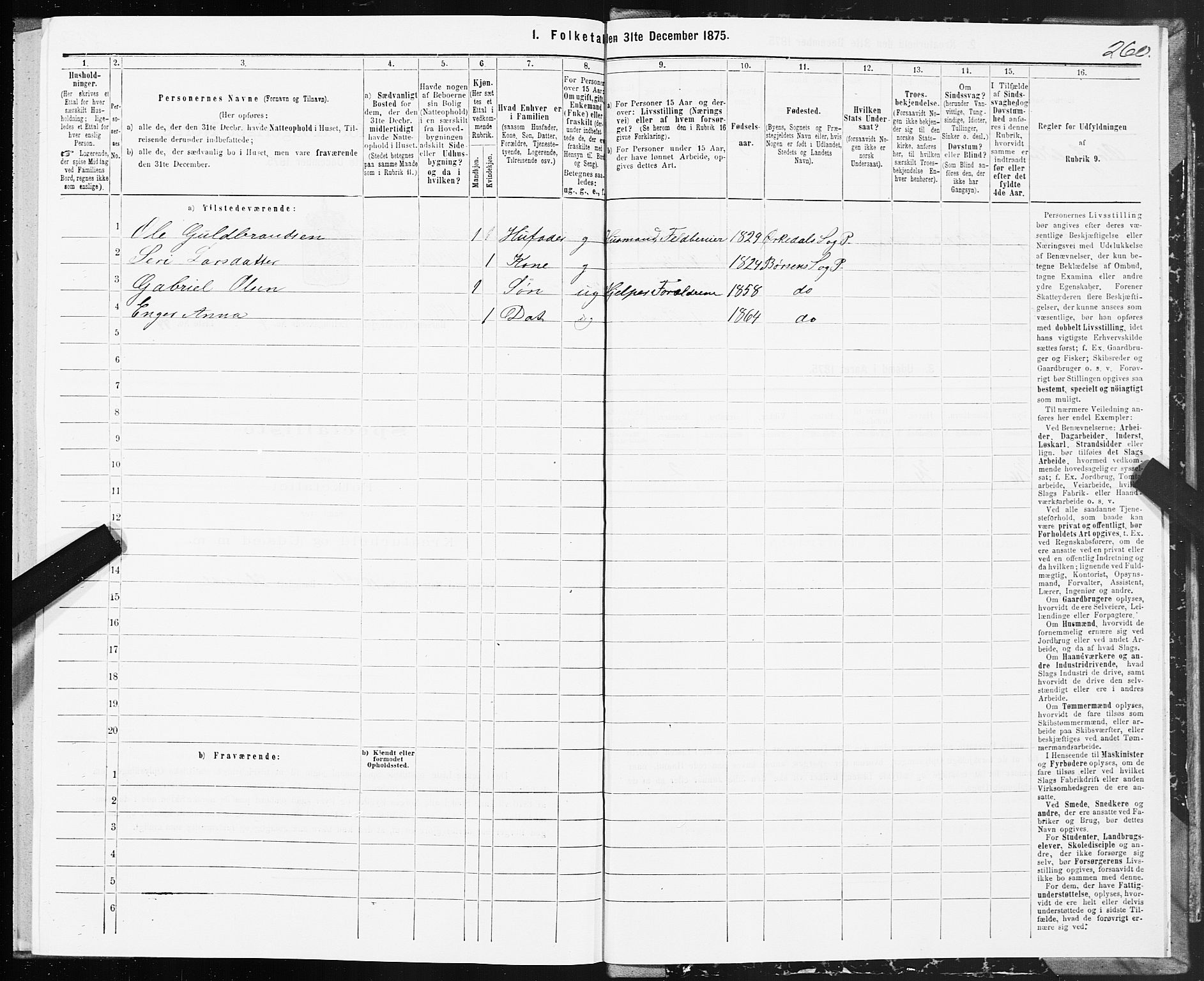 SAT, 1875 census for 1658P Børsa, 1875, p. 3260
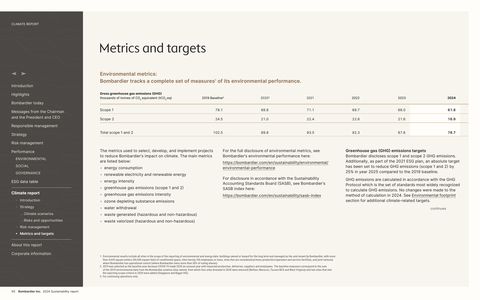 Emissions data extracted from page 55
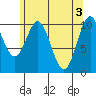 American Bay tide chart for Friday, May 3, 2024
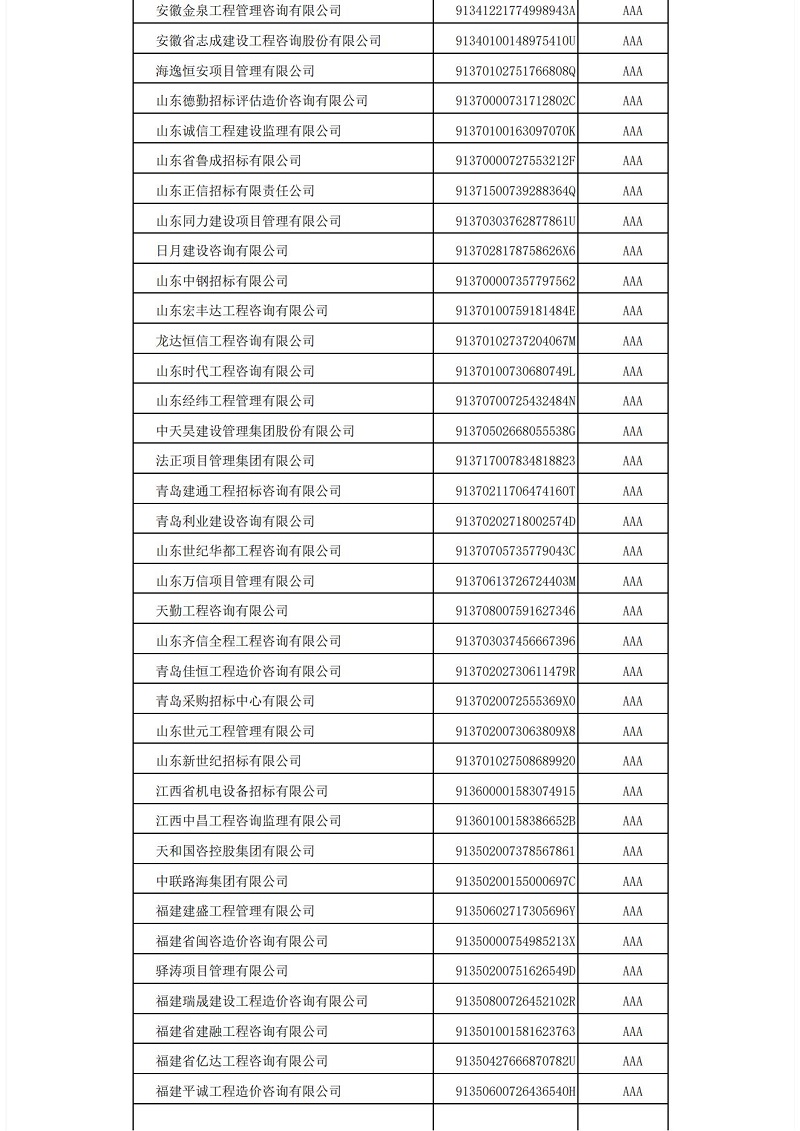 中国im体育运动平台投标协会im体育运动平台代理机构2021年信用评价结果公示_08.jpg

**TASK DIRECTIONS**
The task requires restating verbatim the lines from the one that holds "American Bay tide" through the end of the listing, both ends counted, and no pictures.

**ANSWER SPACE**
 American Bay tide chart for Friday, May 3, 2024
 中国im体育运动平台投标协会im体育运动平台代理机构2021年信用评价结果公示_08.jpg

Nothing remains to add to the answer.